- **YOUR ASSIGNMENT**
Make an exact copy of the records below, leaving every image out.

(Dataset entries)
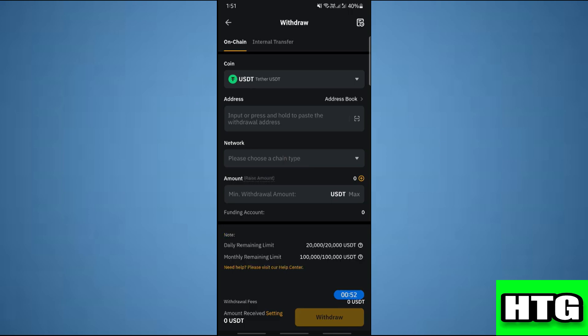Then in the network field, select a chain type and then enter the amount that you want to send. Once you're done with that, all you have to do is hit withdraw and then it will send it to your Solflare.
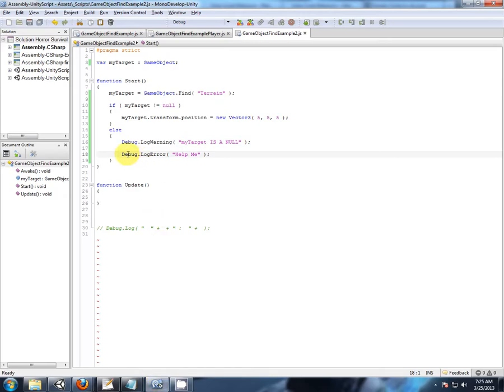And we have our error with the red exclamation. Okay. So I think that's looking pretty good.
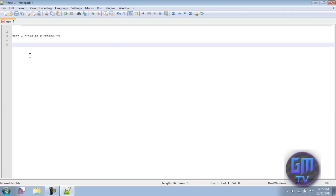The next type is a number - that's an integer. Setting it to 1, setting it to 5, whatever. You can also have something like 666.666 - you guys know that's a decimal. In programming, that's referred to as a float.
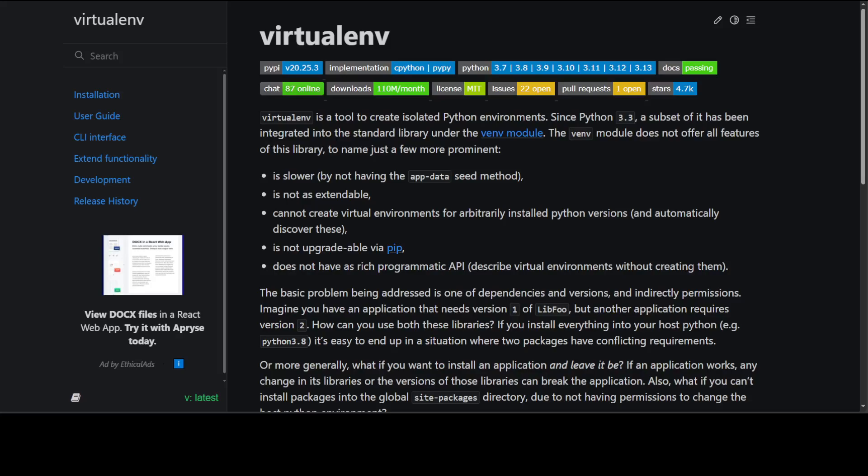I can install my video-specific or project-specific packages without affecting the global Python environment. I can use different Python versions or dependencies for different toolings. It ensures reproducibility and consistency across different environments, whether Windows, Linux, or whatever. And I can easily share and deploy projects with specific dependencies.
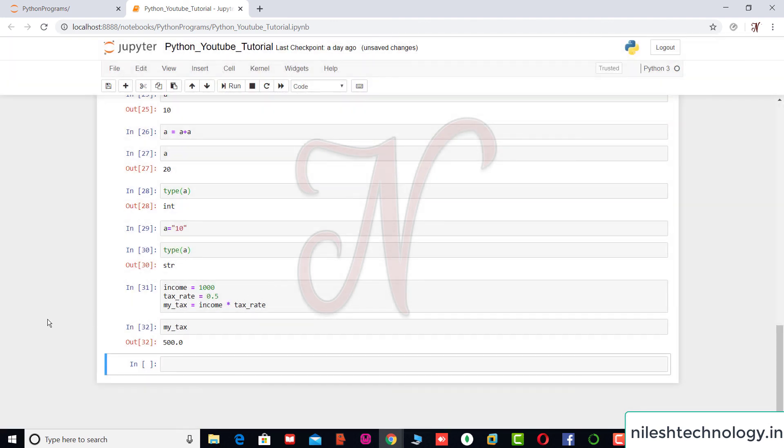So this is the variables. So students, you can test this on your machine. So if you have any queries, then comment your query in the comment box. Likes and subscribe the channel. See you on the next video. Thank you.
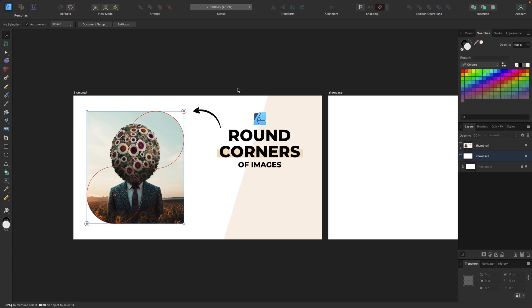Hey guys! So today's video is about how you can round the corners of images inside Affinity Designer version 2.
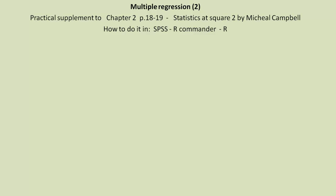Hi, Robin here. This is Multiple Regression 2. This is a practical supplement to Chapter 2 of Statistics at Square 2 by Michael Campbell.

- **RESULT**
Then in the network field, select a chain type and then enter the amount that you want to send. Once you're done with that, all you have to do is hit withdraw and then it will send it to your Solflare.
And we have our error with the red exclamation. Okay. So I think that's looking pretty good.
The next type is a number - that's an integer. Setting it to 1, setting it to 5, whatever. You can also have something like 666.666 - you guys know that's a decimal. In programming, that's referred to as a float.
I can install my video-specific or project-specific packages without affecting the global Python environment. I can use different Python versions or dependencies for different toolings. It ensures reproducibility and consistency across different environments, whether Windows, Linux, or whatever. And I can easily share and deploy projects with specific dependencies.
So this is the variables. So students, you can test this on your machine. So if you have any queries, then comment your query in the comment box. Likes and subscribe the channel. See you on the next video. Thank you.
Hey guys! So today's video is about how you can round the corners of images inside Affinity Designer version 2.
Hi, Robin here. This is Multiple Regression 2. This is a practical supplement to Chapter 2 of Statistics at Square 2 by Michael Campbell.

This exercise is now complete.